Unique pathways to adolescents' co-occurring internalizing/externalizing problems, a severe and common form of psychopathology, remain poorly delineated; this paucity of knowledge impedes the development of personalized interventions. We examined established measures of genetic risk and early childhood temperamental dimensions to clarify potentially distinct pathways to adolescents' co-occurring internalizing/externalizing problems. Participants were drawn from a longitudinal randomized controlled trial of a family-based intervention. The study employed multiple informants and methods, including observer ratings of toddlers' negative affectivity and behavioral inhibition, and primary caregiver ratings of toddlers' inhibitory control; internalizing and aggression polygenic risk scores (PRS) based on prior meta-genome-wide association studies (GWAS); and parents' and teachers' reports of adolescents' internalizing and externalizing problems.

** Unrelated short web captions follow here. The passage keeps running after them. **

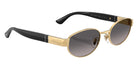 Persol® PO1024S Sunglasses PO1024S 515/M3 56 - Gold Polar Gradient Grey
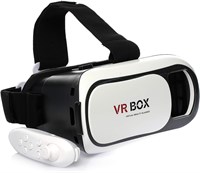 VR Box VR02 — очки виртуальной реальности 3D с Bluetooth-геймпадом и пультом дистанционного управления с доставкой по Душанбе, по Худжанду, по Бохтару и по всему Таджикистану. 1000040448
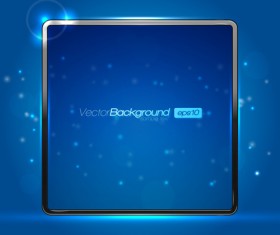 ornate Coloured glass frames background vector 01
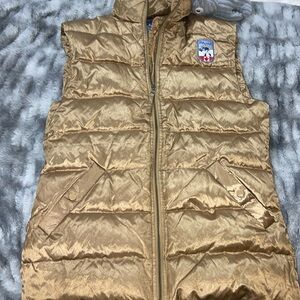 Pajar gold vest size medium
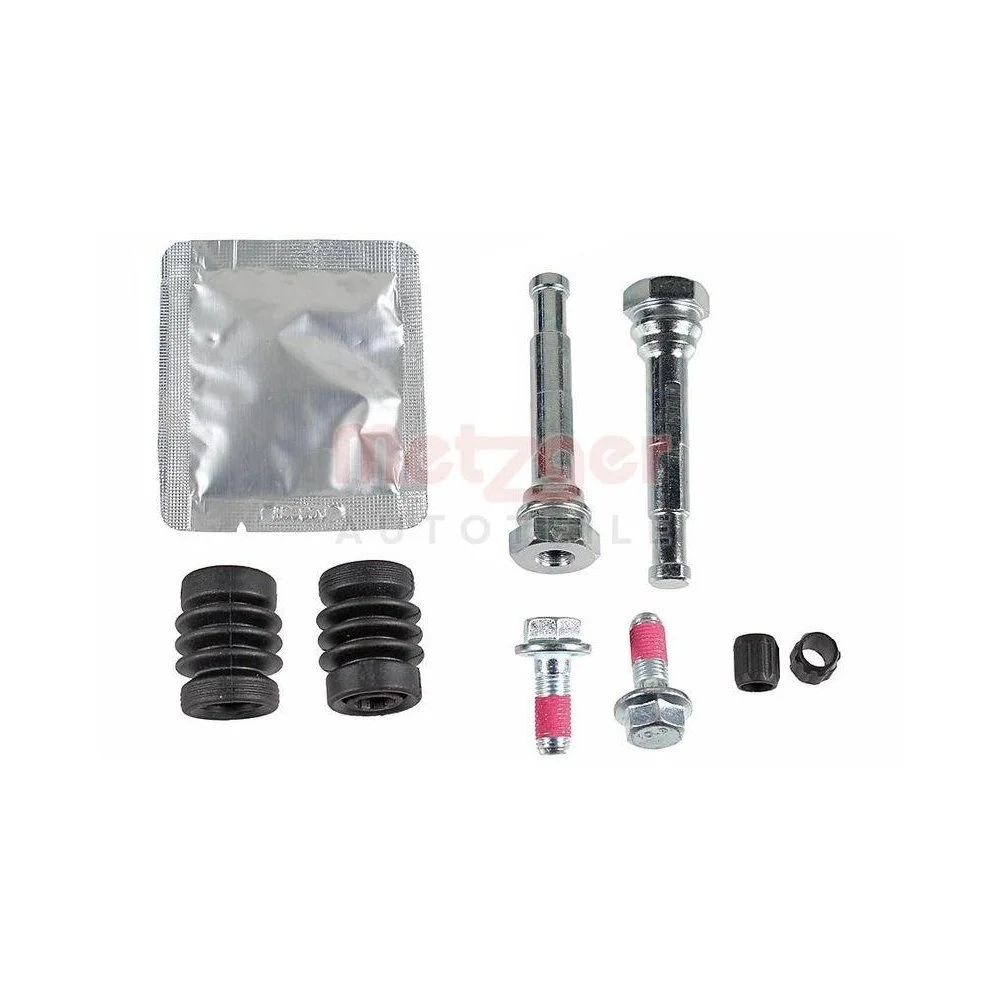 Комплект направляющих гильз тормозного суппорта METZGER GREENPARTS 113-0052X передняя ось, фото №1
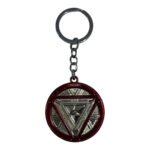 Iron Man Arc Reactor Metallic keychain, MKC-04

Higher levels of the aggression PRS indirectly predicted primary caregiver- and teacher-reported co-occurring problems relative to all other groups through greater early childhood negative affectivity. Lower levels of the aggression PRS and higher levels of the internalizing PRS indirectly predicted co-occurring problems relative to the externalizing "only" and low problem groups (primary caregivers only) through greater early childhood behavioral inhibition.